An Improved BAQ Encoding and Decoding Method for Improving the Quantized SNR of SAR Raw Data

Round  1

Reviewer 1 Report

This paper proposes a novel quantization method for Synthetic Aperture Radar. The proposal is interesting however; various modifications are required prior to be published.

1. In L. 32, the authors wrote “There have been quite a lot of studies on SAR raw data compression algorithms [1-4].” However, some articles are proposal of the method while the others are review and report that they applied a compression method to a specific mission. Please cite the references more effectively. For example, cite the review articles firstly and then, cite the missions which applied the compression methods.
2. Please describe the equations or show the reference for drawing Figure 2.
3. In order to lead the improvements in L. 114-116, please describe the logic that the proposed method can solve the problems in L. 102-111. Provide a traditional, i.e., conventional, BAQ equations and show a problem. Then leading the proposed method becomes more sounding.
4. In Section 3, explain the experimental conditions precisely. It is impossible to understand how the authors derive those graphs. For the simulation results, it is necessary to write sufficient amount of information, i.e., all readers must be able to draw the same results only from the information in the article.
5. In figure 6 and 7, there is no graph which represents [13]. If "Original" in Figure 6 and 7 represent [13], replace "Original" to "Zhao's method" as same as the others.
6. The authors used GF-3 data in Section 3.2. However, according to Section 1, GF-3 applies quantization method. Therefore, the raw data must be quantized naturally. In other words, some strong signals have been saturated naturally and thus, the results do not reflect the fair comparison. Please briefly note and discuss about it.
7. Figure 9 is too small. At least, in Fig. 9(a), the numbers in the rectangles cannot be read. Probably those numbers correspond to the H-alpha graph in Fig. 10-12 but it is not clearly written. The power scale of Fig. 9(f-h) does not match. At the same time, the authors discuss only for power loss but not for power gain, which are also an important drawback of quantization.
8. There are massive grammatical errors. The followings are examples.
8-1. In L. 119-120: “For reasons of convenience, this paper is based on the original normalization method was improved.”
8-2. In L. 171-172: “We simulates the echo signals at different input powers, and then quantifies them according to the methods described in this paper, and calculates the quantized SNR.”
8-3. In L. 204: “SAR raw data compression can reduce on-board downlink rata effectively.” rata -> data?

Author Response

Dear editor,

According to the editor and reviewers’ comments, we have made extensive modifications to our manuscript. In this revised version, changes to our manuscript were all highlighted within the document by an underline. Based on the reviewers’ comments, we also attached a point-by-point letter to each reviewer. We have made extensive revisions to our previous draft. The detailed point-by-point responses are listed below.

 Response to reviewer :

(1) In L. 32, the authors wrote “There have been quite a lot of studies on SAR raw data compression algorithms [1-4].” However, some articles are proposal of the method while the others are review and report that they applied a compression method to a specific mission. Please cite the references more effectively. For example, cite the review articles firstly and then, cite the missions which applied the compression methods.
Thank you for your suggestion, I have already modified these issues in the article. In Section 1, I cited the review articles firstly. Next I cited the articles about data compression algorithms. And then I cited the missions which applied the compression methods.

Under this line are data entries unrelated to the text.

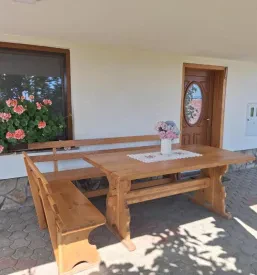 Terasa apartmaja z lesenim vrtnim pohištvom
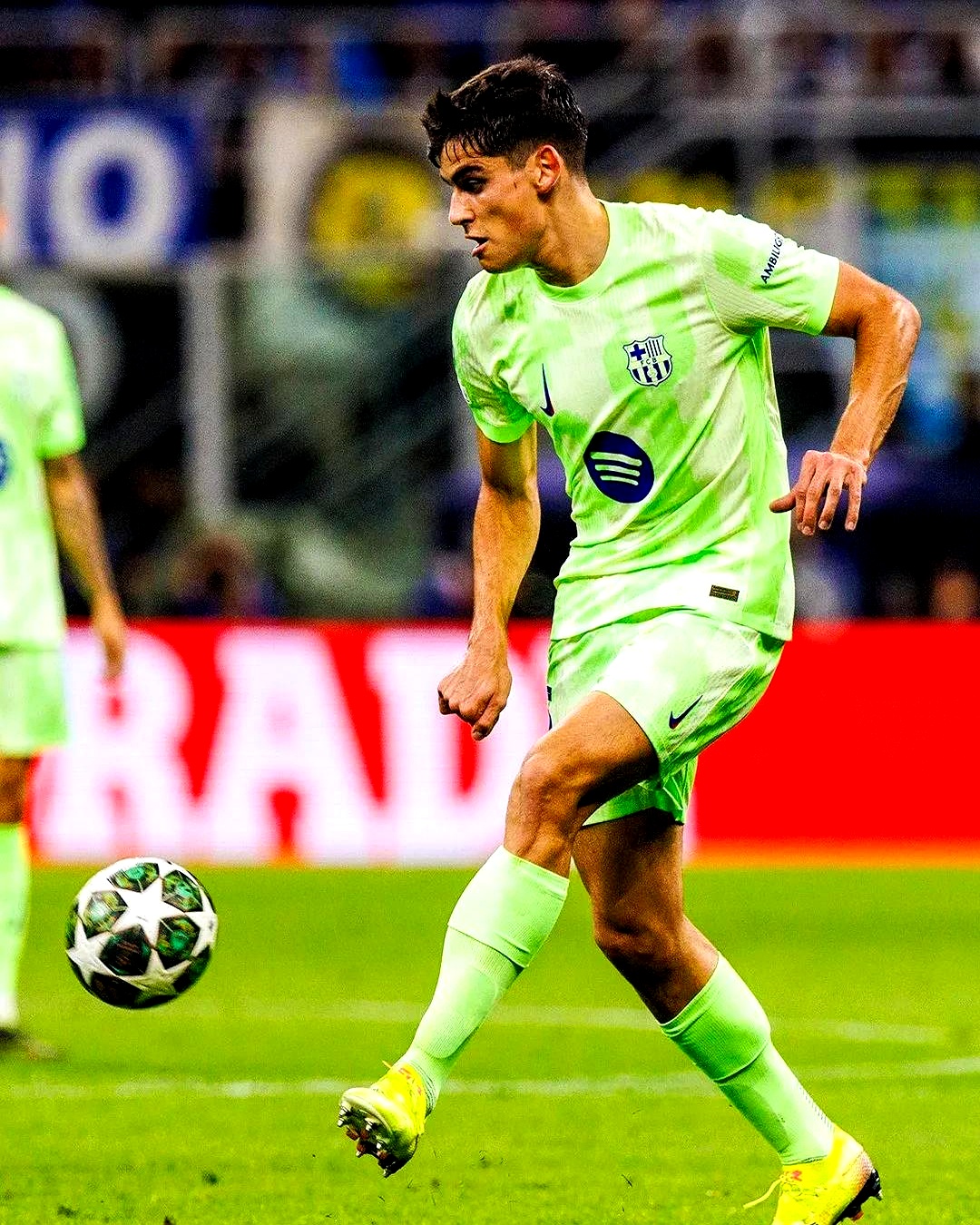 英雄联盟台服官网地址入口-包含国际比赛日巴塞罗那主帅复盘——中超节点到来，信心回归，赛季目标并未改变的词条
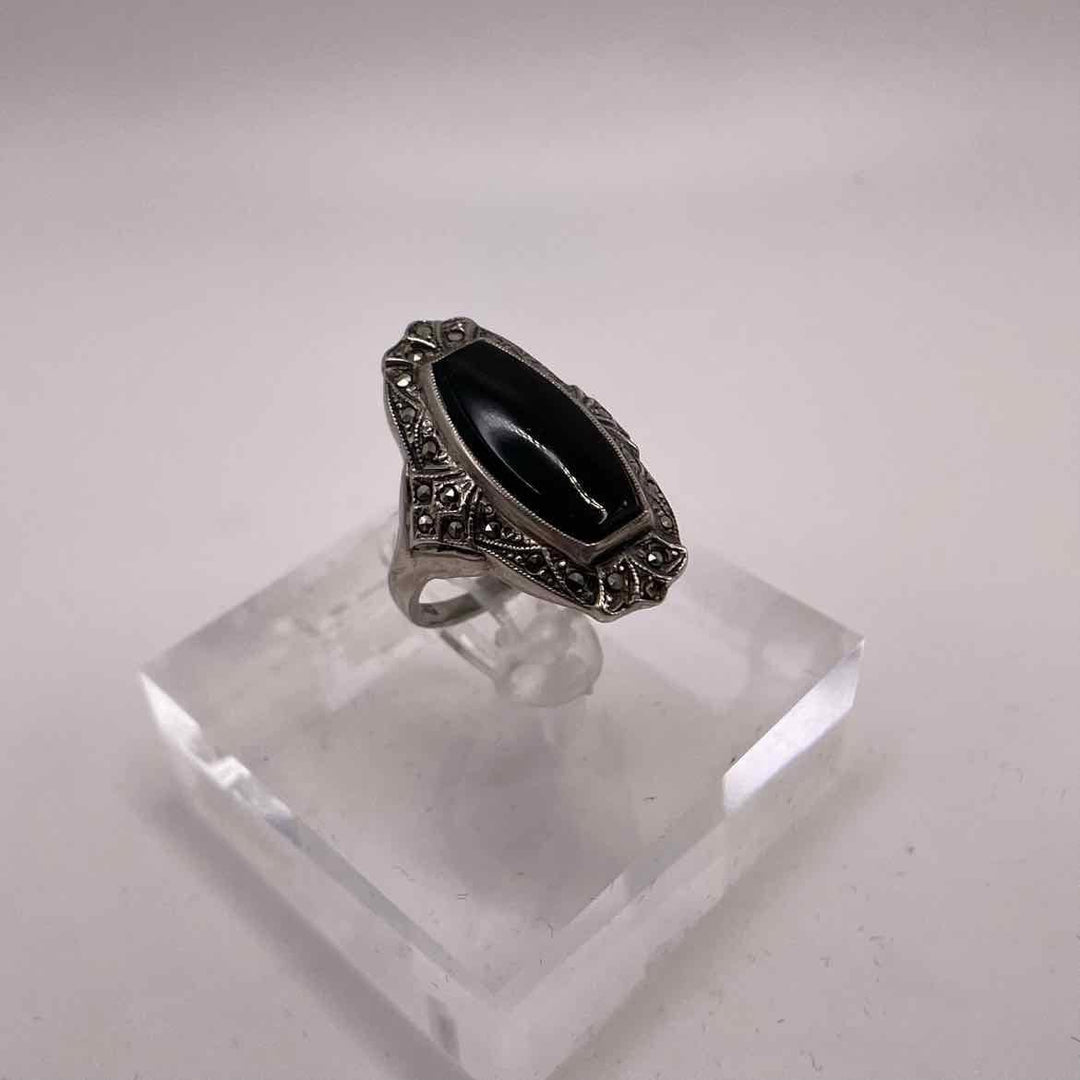 simplyposhconsign Ring STERLING SILVER  LARGE OVAL ONYX RING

(2) Please describe the equations or show the reference for drawing Figure 2.
Thank you for your suggestion, I have already cited the literature [14] above Figure 2. This figure is simulated according to the equations (2) in the literature [14].

(3) In order to lead the improvements in L. 114-116, please describe the logic that the proposed method can solve the problems in L. 102-111. Provide a traditional, i.e., conventional, BAQ equations and show a problem. Then leading the proposed method becomes more sounding.

Thank you for your suggestion, I have already modified these issues in the article. The traditional method is not perfect for data saturation. When the data is saturated, if it is also normalized by the standard deviation used in the traditional method, there will be a situation similar to the effective quantization interval missing in Figure.3(b). Therefore, the normalization based on the standard deviation deduced from the literature [14] can accurately and effectively solve the quantitative intervals missing problem. However, the design of thresholds and quantization levels for non-uniform quantization in [14] is not complete. So we redesigned the threshold level and quantization level of non-uniform quantization, which can further optimize the compression effect, as described in the flow in Figure 4.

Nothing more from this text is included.